I turned to face her and caught her hand with my own. "You cannot help Zosime arrange for better weapons and other things we need if a landmine takes you."
"What about you?"
"I can't do what you do, Thaïs. With people, I mean." I looked up at her. "And you can't do what I can do."
That tightness settled in her voice. "And what's that?"
"Turn my caring off."
She shook her head and pulled away from me, fists tightening in anger. "I go where I want, Karsa."
"Please," I said softly. "I want one of us to be able to feel something when this is over, and I already can't."
She sighed and let the anger recede out of her hands like the tide. She touched my shoulder, fingers featherlight on the stained canvas of my jacket. "That's why you need me, Karsa. So you remember."
"I will never remember again if you are dead." I took a deep breath. "It is only for a little while. You'll see me again in a few days, maybe a week."
Thaïs swept her hair back out of her face. It was hard to remember that once, she had worn her nails manicured and that once, we had lived different lives, never meant to intersect. We were just here, existing, without a past or a future that seemed real. "I don't like this, Karsa."
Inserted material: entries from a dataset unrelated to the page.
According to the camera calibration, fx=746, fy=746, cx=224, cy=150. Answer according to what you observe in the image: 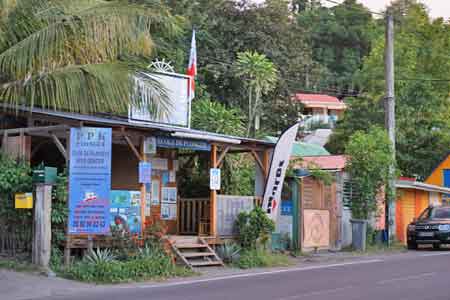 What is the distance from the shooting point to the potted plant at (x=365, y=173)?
24.7m

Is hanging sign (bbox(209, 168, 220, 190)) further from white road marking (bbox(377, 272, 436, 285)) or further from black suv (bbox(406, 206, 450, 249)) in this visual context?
black suv (bbox(406, 206, 450, 249))

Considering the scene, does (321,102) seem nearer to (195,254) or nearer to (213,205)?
(213,205)

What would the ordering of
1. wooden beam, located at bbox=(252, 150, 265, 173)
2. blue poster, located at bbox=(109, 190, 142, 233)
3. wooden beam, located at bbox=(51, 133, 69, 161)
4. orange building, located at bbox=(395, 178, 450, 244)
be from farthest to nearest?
orange building, located at bbox=(395, 178, 450, 244) < wooden beam, located at bbox=(252, 150, 265, 173) < blue poster, located at bbox=(109, 190, 142, 233) < wooden beam, located at bbox=(51, 133, 69, 161)

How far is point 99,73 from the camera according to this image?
50.5 feet

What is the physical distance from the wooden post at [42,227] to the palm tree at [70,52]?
187 cm

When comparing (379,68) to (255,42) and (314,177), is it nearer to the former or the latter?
(255,42)

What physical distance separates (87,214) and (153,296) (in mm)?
3799

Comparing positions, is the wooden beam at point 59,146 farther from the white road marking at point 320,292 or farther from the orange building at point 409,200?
the orange building at point 409,200

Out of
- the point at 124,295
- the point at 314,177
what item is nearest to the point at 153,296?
the point at 124,295

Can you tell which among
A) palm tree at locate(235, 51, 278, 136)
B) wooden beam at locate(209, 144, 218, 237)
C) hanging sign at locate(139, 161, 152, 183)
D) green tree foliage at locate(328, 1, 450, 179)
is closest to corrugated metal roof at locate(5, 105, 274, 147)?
wooden beam at locate(209, 144, 218, 237)

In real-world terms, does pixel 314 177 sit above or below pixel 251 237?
above

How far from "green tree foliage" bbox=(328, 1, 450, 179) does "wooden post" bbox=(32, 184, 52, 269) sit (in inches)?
978

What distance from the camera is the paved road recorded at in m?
12.8

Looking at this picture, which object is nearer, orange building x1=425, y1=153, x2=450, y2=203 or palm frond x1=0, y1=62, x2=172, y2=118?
palm frond x1=0, y1=62, x2=172, y2=118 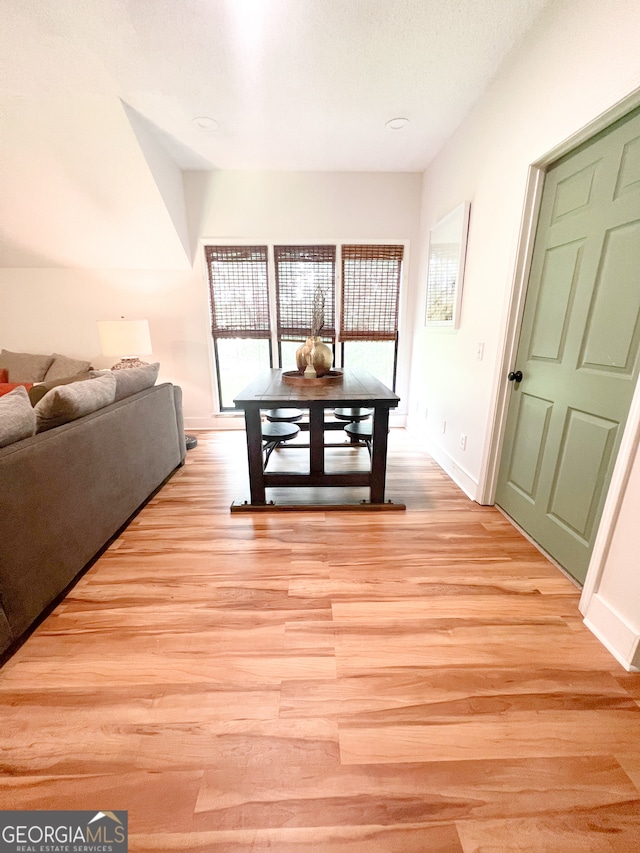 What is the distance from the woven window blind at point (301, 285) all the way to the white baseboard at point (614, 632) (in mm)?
3299

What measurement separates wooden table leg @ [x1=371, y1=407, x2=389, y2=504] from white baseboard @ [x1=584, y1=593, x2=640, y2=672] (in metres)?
1.18

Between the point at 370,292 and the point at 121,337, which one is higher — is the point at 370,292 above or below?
above

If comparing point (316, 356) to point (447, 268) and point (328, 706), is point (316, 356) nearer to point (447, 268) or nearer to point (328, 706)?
point (447, 268)

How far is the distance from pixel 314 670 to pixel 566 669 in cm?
94

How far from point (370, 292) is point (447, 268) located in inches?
45.6

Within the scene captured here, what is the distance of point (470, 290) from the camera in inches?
93.4

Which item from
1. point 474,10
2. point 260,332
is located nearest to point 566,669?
point 474,10

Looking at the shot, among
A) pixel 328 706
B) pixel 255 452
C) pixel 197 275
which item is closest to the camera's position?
pixel 328 706

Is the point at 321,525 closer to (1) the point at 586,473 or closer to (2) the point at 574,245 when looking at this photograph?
(1) the point at 586,473

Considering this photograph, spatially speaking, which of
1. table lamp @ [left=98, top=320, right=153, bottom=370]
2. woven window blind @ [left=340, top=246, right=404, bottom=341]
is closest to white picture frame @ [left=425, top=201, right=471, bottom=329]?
woven window blind @ [left=340, top=246, right=404, bottom=341]

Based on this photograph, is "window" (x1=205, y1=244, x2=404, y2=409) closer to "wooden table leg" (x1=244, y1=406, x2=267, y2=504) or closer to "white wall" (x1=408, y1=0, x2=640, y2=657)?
"white wall" (x1=408, y1=0, x2=640, y2=657)

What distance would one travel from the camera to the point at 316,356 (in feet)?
7.64

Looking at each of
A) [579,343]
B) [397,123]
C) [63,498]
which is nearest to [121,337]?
[63,498]

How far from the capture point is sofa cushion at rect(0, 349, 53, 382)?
3.46m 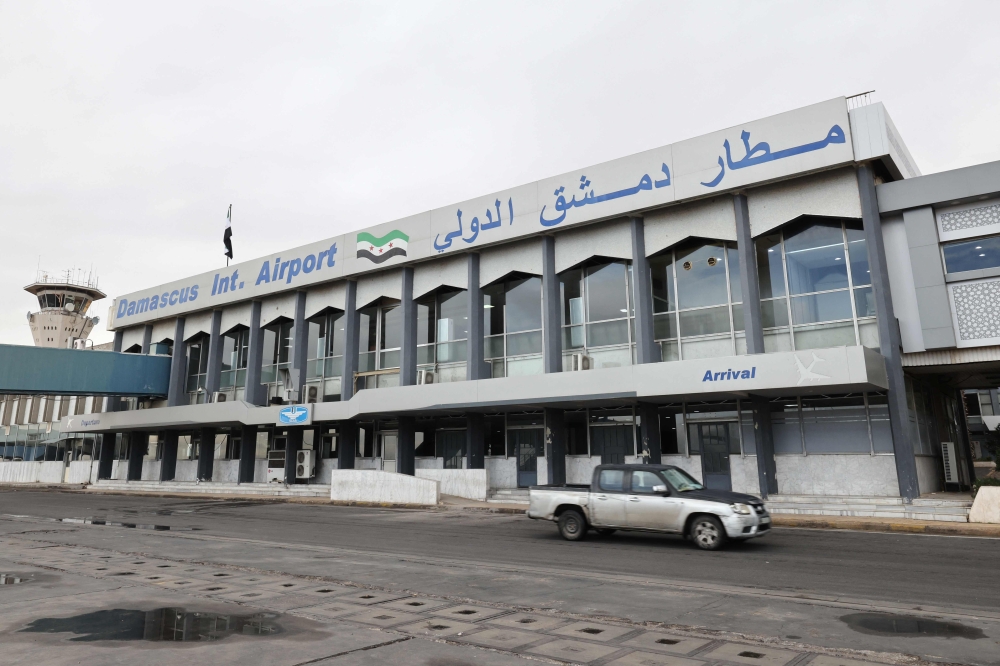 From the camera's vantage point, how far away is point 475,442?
28469mm

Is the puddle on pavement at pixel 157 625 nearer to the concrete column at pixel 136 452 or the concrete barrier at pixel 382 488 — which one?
the concrete barrier at pixel 382 488

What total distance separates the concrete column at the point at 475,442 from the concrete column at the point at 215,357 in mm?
19096

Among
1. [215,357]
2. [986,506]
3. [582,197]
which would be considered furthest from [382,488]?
[986,506]

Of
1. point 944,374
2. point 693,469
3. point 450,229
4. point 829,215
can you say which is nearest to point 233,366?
point 450,229

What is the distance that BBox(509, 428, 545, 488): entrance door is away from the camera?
27547mm

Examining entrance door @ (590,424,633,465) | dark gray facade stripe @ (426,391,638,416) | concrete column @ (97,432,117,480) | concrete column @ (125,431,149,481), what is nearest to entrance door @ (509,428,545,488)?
entrance door @ (590,424,633,465)

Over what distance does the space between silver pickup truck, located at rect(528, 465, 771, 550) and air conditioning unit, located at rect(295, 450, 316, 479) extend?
21.3m

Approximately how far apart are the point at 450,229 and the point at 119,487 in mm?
27923

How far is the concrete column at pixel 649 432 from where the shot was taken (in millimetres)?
23859

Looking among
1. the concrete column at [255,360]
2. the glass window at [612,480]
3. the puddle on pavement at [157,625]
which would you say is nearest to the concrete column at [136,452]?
the concrete column at [255,360]

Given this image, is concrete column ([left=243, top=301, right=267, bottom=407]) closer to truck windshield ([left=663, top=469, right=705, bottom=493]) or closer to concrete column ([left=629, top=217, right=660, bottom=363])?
concrete column ([left=629, top=217, right=660, bottom=363])

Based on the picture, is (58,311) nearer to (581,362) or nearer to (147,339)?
(147,339)

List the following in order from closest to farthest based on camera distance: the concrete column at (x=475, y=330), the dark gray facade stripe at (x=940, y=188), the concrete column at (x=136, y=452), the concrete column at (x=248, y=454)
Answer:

"Neither do I, but we both know this is how it has to be. Sostrate wanted us to keep the revolution alive. That has the best chance of happening if you are with Zosime and I am here."
She laughed, but not with humor. It was the sharp bark of pain leaving the body. I knew that meant she was about to cave. "Always the revolution with you."
I shrugged. "As long as it is alive, I will be."
Thaïs shook her head slightly, a bittersweet curve to her lips. "Then I will make you immortal, Karsa."